Spatiotemporal extremes of temperature and precipitation during 1960–2015 in the Yangtze River Basin (China) and impacts on vegetation dynamics
Recently, extreme climate variation has been studied in different parts of the world, and the present study aims to study the impacts of climate extremes on vegetation. In this study, we analyzed the spatiotemporal variations of temperature and precipitation extremes during 1960–2015 in the Yangtze River Basin (YRB) using the Mann-Kendall (MK) test with Sen’s slope estimator and kriging interpolation method based on daily precipitation (P), maximum temperature (Tmax), and minimum temperature (Tmin).

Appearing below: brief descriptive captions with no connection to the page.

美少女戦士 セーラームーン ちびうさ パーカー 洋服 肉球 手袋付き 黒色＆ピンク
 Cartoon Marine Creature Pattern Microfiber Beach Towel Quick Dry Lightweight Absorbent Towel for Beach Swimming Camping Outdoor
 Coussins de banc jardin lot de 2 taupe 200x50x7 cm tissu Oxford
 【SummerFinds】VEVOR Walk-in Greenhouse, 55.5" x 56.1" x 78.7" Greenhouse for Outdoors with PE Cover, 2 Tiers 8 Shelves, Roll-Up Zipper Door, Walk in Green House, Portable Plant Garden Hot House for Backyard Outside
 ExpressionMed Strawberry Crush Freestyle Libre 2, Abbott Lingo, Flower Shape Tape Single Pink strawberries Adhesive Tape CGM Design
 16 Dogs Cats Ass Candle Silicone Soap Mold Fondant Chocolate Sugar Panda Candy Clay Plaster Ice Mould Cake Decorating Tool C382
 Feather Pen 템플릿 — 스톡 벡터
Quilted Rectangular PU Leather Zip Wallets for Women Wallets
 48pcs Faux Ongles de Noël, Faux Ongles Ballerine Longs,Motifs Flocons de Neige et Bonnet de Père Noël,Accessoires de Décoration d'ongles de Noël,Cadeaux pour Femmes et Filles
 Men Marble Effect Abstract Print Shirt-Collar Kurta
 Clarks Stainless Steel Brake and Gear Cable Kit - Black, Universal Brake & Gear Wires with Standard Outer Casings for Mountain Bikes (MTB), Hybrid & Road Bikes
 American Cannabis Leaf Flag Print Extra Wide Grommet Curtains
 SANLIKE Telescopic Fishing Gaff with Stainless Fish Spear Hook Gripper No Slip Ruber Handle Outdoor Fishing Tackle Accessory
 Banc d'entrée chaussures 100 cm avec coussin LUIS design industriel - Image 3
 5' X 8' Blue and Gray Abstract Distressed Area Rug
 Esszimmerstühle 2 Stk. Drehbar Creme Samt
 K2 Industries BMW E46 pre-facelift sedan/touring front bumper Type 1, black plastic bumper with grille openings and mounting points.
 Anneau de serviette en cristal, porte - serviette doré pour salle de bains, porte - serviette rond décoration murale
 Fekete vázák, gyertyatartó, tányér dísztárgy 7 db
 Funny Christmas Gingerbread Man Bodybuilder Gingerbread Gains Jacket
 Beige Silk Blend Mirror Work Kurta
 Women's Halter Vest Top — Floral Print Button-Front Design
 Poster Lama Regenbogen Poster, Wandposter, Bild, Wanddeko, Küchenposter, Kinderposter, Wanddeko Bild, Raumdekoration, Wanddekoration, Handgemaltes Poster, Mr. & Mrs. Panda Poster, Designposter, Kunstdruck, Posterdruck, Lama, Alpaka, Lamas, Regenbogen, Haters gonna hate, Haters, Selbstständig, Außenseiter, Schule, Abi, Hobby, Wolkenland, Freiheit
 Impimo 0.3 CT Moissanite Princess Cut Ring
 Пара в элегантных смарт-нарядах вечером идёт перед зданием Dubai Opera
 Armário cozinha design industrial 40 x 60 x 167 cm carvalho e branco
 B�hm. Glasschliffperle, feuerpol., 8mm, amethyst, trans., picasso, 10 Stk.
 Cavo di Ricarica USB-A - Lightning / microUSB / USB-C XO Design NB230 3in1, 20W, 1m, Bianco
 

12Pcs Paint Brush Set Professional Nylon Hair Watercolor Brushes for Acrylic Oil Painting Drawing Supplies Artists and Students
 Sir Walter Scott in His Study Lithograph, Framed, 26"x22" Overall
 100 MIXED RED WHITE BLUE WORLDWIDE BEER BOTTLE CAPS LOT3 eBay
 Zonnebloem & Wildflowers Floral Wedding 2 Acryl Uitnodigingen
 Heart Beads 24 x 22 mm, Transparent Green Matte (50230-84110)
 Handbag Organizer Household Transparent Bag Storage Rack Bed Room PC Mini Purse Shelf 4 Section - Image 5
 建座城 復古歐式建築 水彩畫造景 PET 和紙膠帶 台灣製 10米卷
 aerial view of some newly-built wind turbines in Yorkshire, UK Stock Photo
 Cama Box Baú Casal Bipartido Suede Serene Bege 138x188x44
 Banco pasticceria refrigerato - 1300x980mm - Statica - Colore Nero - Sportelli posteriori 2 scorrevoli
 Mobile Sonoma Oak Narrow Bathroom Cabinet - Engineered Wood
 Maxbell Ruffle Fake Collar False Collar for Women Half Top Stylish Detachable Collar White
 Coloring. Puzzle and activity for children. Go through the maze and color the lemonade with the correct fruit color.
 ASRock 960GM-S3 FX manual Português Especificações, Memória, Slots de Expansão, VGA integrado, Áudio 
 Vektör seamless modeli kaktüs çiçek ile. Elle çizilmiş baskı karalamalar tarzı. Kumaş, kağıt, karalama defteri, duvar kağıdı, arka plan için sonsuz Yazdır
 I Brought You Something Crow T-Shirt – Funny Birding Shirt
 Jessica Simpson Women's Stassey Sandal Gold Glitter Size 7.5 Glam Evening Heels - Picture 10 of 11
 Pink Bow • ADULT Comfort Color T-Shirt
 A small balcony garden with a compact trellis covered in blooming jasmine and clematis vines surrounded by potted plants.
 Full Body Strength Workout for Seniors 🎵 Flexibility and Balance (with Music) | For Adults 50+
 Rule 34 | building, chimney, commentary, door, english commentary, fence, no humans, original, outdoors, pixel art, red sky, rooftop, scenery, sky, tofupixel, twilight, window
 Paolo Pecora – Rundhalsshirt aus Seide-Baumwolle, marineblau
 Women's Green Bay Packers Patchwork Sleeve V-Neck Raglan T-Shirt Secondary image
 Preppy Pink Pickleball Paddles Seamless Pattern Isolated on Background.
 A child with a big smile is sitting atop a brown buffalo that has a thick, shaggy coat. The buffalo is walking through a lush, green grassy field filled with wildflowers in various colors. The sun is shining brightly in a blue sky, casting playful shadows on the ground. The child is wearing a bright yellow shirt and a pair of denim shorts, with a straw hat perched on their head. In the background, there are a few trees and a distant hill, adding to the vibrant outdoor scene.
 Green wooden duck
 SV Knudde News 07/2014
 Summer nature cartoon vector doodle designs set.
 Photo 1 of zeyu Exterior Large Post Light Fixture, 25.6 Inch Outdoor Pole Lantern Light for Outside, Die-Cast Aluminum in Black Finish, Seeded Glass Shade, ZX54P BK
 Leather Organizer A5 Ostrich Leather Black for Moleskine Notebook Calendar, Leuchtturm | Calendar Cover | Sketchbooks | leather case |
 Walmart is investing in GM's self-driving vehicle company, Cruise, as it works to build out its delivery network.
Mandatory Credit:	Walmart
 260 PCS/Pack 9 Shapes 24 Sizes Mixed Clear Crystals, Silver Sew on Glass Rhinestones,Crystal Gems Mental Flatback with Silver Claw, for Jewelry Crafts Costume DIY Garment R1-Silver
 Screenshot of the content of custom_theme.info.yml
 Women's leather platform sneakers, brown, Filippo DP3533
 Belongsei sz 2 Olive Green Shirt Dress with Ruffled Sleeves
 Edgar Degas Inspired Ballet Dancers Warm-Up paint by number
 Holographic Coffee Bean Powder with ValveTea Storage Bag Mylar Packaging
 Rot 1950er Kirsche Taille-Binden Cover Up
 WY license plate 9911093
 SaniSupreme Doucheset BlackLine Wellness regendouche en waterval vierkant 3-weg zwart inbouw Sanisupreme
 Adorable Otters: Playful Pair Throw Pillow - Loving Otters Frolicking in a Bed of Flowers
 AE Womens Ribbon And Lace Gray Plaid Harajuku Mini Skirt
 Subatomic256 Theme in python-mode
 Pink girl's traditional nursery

We also analyzed the vegetation dynamics in the YRB during 1982–2015 using Global Inventory Modeling and Mapping Studies (GIMMS) normalized difference vegetation index (NDVI) datasets and investigated the relationship between temperature and precipitation extremes and NDVI using Pearson correlation coefficients. The results showed a pronounced increase in the annual mean maximum temperature (Tnav) and mean minimum temperature (Txav) at the rate of 0.23 °C/10 years and 0.15 °C/10 years, respectively, during 1960–2015. In addition, the occurrence of warm days and warm nights shows increasing trends at the rate of 1.36 days/10 years and 1.70 days/10 years, respectively, while cold days and cold nights decreased at the rate of 1.09 days/10 years and 2.69 days/10 years, respectively, during 1960–2015. The precipitation extremes, such as very wet days (R95, the 95th percentile of daily precipitation events), very wet day precipitation (R95p, the number of days with rainfall above R95), rainstorm (R50, the number of days with rainfall above 50 mm), and maximum 1-day precipitation (RX1day), all show pronounced increasing trends during 1960–2015. In general, annual mean NDVI over the whole YRB increased at the rate of 0.01/10 years during 1982–2015, with an increasing transition around 1994. Spatially, annual mean NDVI increased in the northern, eastern, and parts of southwestern YRB, while it decreased in the YRD and parts of southern YRB during 1982–2015. The correlation coefficients showed that annual mean NDVI was closely correlated with temperature extremes during 1982–2015 and 1995–2015, but no significant correlation with precipitation extremes was observed. However, the decrease in NDVI was correlated with increasing R95p and R95 during 1982–1994.